Chris Nolan the WEA rep strolls in.

"Righto?"

Then we are taken upstairs and ushered into a room where sat the Head Mother himself. And so we began our interview

Q: Do you have many problems with record companies these days?

Z: Nope.

Q: You used to have problems with censorship ...

Z: I don't anymore ... except in Australia ... At the press conference yesterday I noticed that somebody had taken it on themselves to censor the "Uncle Meat" album. That's strictly against our contract.

Q: That was censored, and also "We're Only In It For The Money" ...

Z: Yeah, I know about that, but as far as all of our albums distributed by WEA are concerned, our contract rules out any tampering with the product.

Q: What about companies that tamper with albums, well, for example Captain Beefheart's "Strictly Personal" album – it was remixed without his authority, and references were made on the packaging to LSD – "the 5,000mg persona of the Captain"?

Z: That's not a very nice thing to do to anyone, but I can't say any more than that. It's not very fair to the artist.

Q: I don't know what's happening with· the "200 Motels" film out here.

Z: Well, they've got those archaic censorship laws.

Q: They're getting better out here now. For instance, they released "Last Tango in Paris" without any cuts!

Z: Well, if they let that in, they should be able to sneak "200 Motels" in. I'll talk to the people at United Artists about getting a copy sent over when I get back to the States.

Q: We have a lot of trouble out here with record companies, especially with inferior quality pressings.

Z: It's funny you should mention that because I heard in Europe that the best vinyl comes from Australia. It's true, the best vinyl comes from here, and the best pressings from Holland.

Q: About bootleg albums. You were chasing up the "200 Motels" bootleg, and you said that the only people who were profiting by these albums were the actual bootleggers themselves. Do you think that there's possibly no reason for a company to take action against bootleggers, in that anyone who's going to buy the bootleg is going to buy the artist's records through the company as well?

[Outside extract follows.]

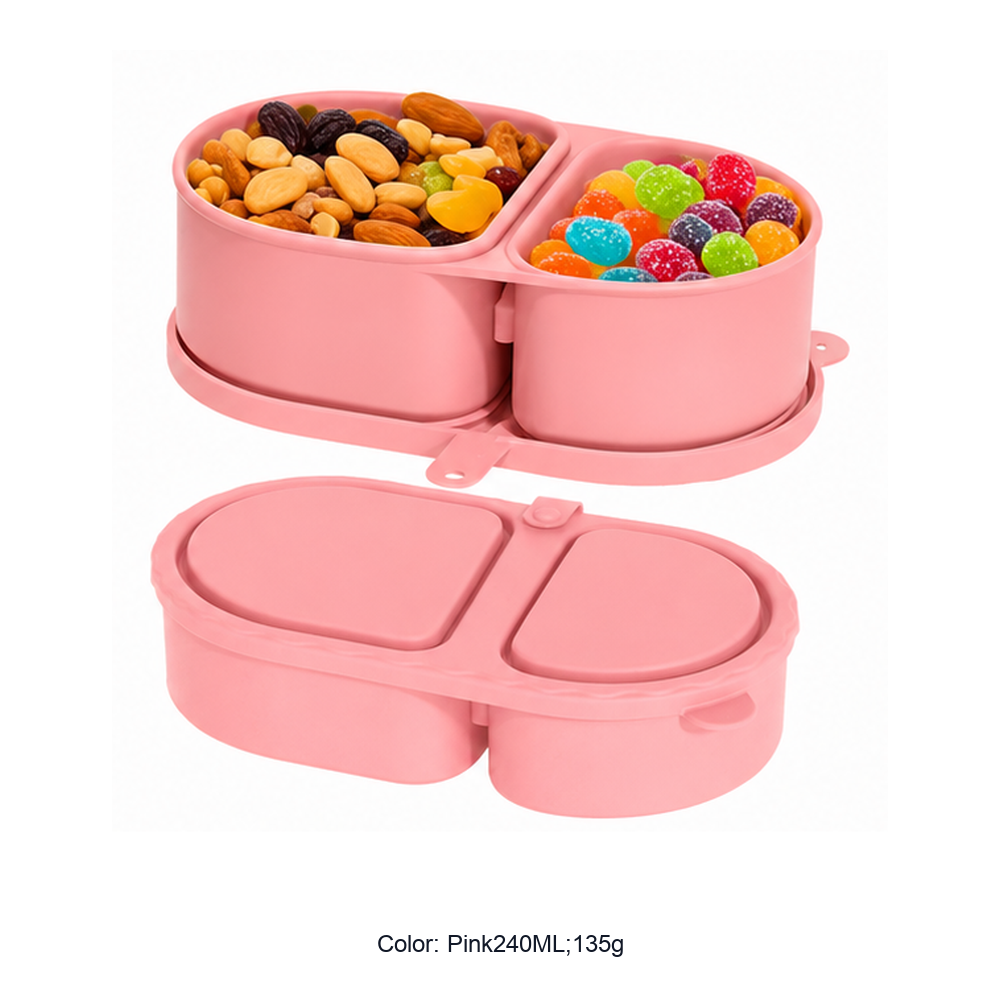 Silicone Divided Microwave Lunch Box Set — Pink240ML;135g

Z: Well, it's not the company who's being cheated so much as the artist. Let me give you the specifics on "200 Motels". First, if that had been done by normal means, all those people in the LA Philharmonic would have been entitled to royalties, and they got screwed out of their money; all the rest of the Mothers got screwed out of their money; all the writing and publishing that's supposed to have been paid on the album didn't get paid and I got screwed on that. And the record company that would probably have been pressing the album got screwed on that. So it's not just the record company, it's the artist as well.

Q: Isn't it more of an illegal profit, rather than a loss?

Z: Well, I think it's a loss when the quality of the product that comes out is beneath the standards of the things you'd release yourself. I don't go around recording new albums on a cassette machine. And to make a duplicate of someone's fifty or sixty thousand dollar master is definitely a financial loss. But I just feel bad when someone attempts to record a concert with some inferior equipment, and then releases a product that you wouldn't release yourself. The loss is both artistic and financial.

UNRELEASED PRODUCT

Q: I came across references to nine-album sets, and different films that were being made ...

Z: The nine-album set is still sitting in my house, they still haven't been released. I tried to release it twice, but each time we've run into financial problems. The cost of putting an album out – it's not just the cost of the studio techniques, or the cover, or the piece of plastic that goes in the wrapper. There's all sorts of payments that go out to everybody connected with the record. And our estimate of the cost of putting out a nine LP set was ... a quarter of a million dollars – that's up to the point of having the things pressed.

So everybody sat around and scratched their heads and said, how are we going to sell enough of these things to warrant spending $250,000 on an album. Our normal budget for an LP is between 20 and 27 thousand dollars, so a quarter of a million dollars was too much.

Q: It was originally planned to release it as three triple-LP sets issued close together. Is there a possibility that you'd release some of it as double album sets, or something like that?

Z: Well, here's what we're trying to do for Christmas. A lot of that material was originally recorded in quadraphonic, as far back as 1968, and we're going to take selections from the different Mothers lineups since then and release it as "Four Generations of Mothers – In Quad". That'd be about as close as I could get to releasing a lot of the stuff that's in the can.

Q: What happened to the album, "Our Man in Nirvana – The Mothers and Lenny Bruce"?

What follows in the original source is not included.